Check the accompanying example1.f90
to see examples of intrinsic functions
available to interrogate array size and shape at run time.
If we wish to establish storage with shape determined at run time, the allocatable attribute can be used. The rank must be specified:
real, dimension(:, :), allocatable :: a
! ... establish shape required, say (imax, jmax) ...
allocate(a(imax, jmax))
! ... use and then release storage ...
deallocate(a)
Again, this array will take on the default lower bound of 1 in each dimension.
Formally,
allocate(allocate-list [, source = array-expr] [ , stat = scalar-int-var])
The optional source
argument may be used to provide a template for
the newly allocated object (values will be copied). We will return to
this in more detail in the context of dynamic type.
A successful allocation with the optional stat
argument will assign a
value of zero to the argument.
An array declared with the allocatable attribute is initially in
an unallocated state. When allocated, this status will change; this
status can be interrogated via the intrinsic function allocated()
.
integer, dimension(:), allocatable :: m
...
if (allocated(m)) then
! ... we can do something ...
end if
Attempt to deallocate
a variable which is not allocated is an error.

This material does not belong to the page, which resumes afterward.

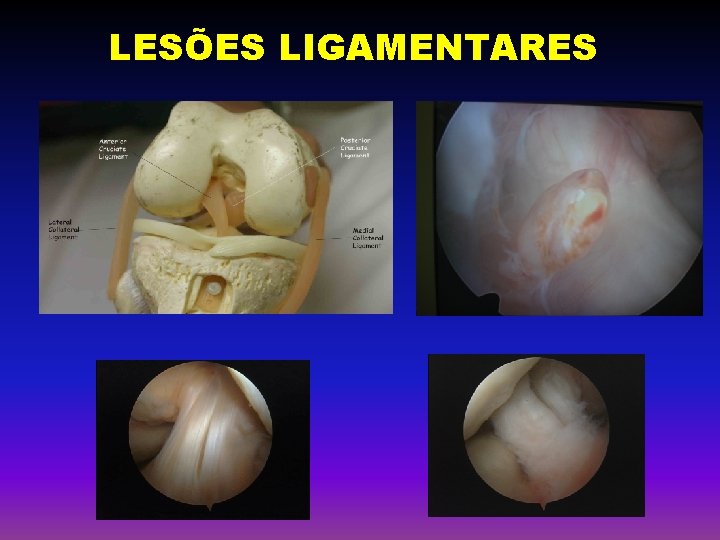 LESÕES LIGAMENTARES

Return again to the program to compute the approximation of pi via
the Gauss-Legendre expansion (last seen in section2.01). You may use
your own version or the new template provided in this directory
(see exercise1.f90
).
Introduce array storage for the quantites a
, b
and t
. Use a
fixed number of terms. Assign appropriate values in a first loop.
In a second loop, compute the approximation of pi at each iteration.
What might you do if you wanted to storage only the number of terms taken to reach a converged answer?